Colorado Rockies vs. Seattle Mariners in Scottsdale, Ariz.

When looking at baseball cities, often in highly populated areas of these cities, there is a clear disconnect between the stadium itself and the immediate surrounding community. When a person goes to a major league ballpark, he or she is awed with a grand and colossus feat of engineering ingenuity. Stadiums can be extremely powerful and elegant, but more times than not, this finely cut jewel is surrounded poverty. And rather than radiate out its brightness, the jewel instead, retracts all of its light and contains it. The stadiums brightness in the center of the city does not transfer over to the surrounding community. The stadiums brilliance is confined and limited to within itself. A definite schism is created between the stadium and the people who live nearest to it.

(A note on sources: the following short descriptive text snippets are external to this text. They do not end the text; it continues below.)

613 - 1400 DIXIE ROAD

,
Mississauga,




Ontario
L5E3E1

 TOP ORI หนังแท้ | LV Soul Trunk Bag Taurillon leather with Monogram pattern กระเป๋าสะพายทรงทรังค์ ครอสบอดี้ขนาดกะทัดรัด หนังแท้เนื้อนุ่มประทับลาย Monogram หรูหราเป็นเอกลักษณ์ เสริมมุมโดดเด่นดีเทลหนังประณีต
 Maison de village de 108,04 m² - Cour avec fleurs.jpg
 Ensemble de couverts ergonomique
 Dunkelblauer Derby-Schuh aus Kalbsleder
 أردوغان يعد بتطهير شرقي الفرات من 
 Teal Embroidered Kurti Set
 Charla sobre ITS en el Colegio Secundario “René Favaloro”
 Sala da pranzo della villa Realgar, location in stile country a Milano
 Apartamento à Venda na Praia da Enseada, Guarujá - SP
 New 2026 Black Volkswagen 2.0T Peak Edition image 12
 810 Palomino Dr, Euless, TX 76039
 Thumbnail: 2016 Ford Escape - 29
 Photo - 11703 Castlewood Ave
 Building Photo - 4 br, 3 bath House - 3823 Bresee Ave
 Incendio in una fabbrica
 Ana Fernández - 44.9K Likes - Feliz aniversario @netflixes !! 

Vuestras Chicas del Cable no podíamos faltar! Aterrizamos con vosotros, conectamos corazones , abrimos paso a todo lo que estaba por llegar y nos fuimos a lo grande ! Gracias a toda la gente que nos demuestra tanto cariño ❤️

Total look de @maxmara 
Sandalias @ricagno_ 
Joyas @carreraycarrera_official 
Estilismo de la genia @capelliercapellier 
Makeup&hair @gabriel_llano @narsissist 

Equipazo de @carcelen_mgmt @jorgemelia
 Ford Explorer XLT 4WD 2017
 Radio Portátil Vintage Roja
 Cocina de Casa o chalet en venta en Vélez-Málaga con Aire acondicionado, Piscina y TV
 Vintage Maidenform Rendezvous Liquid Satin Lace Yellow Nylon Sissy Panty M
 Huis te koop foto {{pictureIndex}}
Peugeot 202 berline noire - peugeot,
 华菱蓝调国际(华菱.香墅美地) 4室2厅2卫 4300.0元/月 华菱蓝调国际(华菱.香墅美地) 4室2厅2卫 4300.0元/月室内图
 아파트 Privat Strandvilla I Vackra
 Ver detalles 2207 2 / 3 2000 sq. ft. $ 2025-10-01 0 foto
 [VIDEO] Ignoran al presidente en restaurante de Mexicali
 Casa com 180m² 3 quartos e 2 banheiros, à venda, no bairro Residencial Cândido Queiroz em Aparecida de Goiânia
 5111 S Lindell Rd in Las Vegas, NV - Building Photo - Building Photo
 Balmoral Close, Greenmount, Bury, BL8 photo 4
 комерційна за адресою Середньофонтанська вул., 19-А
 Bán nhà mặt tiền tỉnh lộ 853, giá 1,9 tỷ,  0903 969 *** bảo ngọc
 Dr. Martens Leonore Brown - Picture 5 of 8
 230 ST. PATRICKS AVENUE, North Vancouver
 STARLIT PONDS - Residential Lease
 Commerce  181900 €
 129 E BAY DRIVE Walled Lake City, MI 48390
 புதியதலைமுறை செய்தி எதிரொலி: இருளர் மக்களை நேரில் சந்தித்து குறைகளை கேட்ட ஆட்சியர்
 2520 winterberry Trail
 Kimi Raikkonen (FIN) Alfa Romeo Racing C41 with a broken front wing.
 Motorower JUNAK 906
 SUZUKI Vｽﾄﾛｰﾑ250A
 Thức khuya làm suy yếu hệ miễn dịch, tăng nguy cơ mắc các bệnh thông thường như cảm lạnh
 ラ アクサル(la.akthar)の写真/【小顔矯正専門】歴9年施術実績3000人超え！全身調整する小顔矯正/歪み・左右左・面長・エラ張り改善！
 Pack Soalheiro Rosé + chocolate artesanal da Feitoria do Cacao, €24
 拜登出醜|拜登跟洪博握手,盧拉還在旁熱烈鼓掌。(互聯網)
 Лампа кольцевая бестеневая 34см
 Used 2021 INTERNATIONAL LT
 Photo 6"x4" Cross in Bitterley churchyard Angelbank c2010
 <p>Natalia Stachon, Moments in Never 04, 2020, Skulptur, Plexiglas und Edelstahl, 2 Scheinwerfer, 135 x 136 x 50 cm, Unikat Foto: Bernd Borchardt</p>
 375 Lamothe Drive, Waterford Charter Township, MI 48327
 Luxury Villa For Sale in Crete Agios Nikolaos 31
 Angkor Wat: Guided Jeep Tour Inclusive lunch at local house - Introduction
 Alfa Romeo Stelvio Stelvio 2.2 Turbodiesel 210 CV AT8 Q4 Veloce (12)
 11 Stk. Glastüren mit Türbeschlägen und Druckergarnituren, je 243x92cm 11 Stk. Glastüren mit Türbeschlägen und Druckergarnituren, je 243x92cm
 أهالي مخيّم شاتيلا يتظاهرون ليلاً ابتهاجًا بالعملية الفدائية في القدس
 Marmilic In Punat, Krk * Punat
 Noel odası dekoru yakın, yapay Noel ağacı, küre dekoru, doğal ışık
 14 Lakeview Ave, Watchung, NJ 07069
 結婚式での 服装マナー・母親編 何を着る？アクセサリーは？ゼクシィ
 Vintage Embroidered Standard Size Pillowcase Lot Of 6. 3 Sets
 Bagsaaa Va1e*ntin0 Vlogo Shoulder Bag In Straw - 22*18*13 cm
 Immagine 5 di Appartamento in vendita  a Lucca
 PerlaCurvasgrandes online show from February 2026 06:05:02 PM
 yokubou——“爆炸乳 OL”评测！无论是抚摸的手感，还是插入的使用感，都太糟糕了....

In thinking about corporate responsibility and the point was made earlier, baseball should be for everyone. As stated in “Our Story, more than 60% of baseball fans in America live in households with an income above $75,000More than 81% of baseball fans live in households with at least one college graduate.” Now this is not advocating for hand-outs, but rather for the bridging  of the existing schism between the baseball organization and the community in which the stadium is.

Before the idea of Experience Baseball, would any casual baseball fan have noticed the often impoverished area around the stadium? After reading this, the next time you park your car a couple blocks away or ride the train in, will you look carefully for and take notice of the area around the stadium? But, the more important question is, would the casual baseball fan act on what they observe in the neighborhoods around the stadium or would they continuously be blinded by the jewel of the baseball stadium, organization, and team, and walk right into the baseball game.

This is the purpose and need of Experience Baseball. We are the architects and builders of this bridge. Our aim is to  bring about awareness of this issue: that there is a moat around the castle of the stadium and the community nearest to it. We want corporations and baseball fans to realize the disconnect, and then act upon it. Experience Baseball is a magnifying glass, looking at all of the possible factors that contribute to this disconnect, so we as a group, can provide educational tours to improve upon baseball communities.

These education tours are not a call to oppose baseball, but rather to work with baseball and through baseball in order to fulfill all of our best interests as baseball lovers. As stated earlier, baseball is part of American society. And to improve American society we must work with the game we love and organize as fans, teams, and communities to improve all aspects of the game and the baseball stadiums.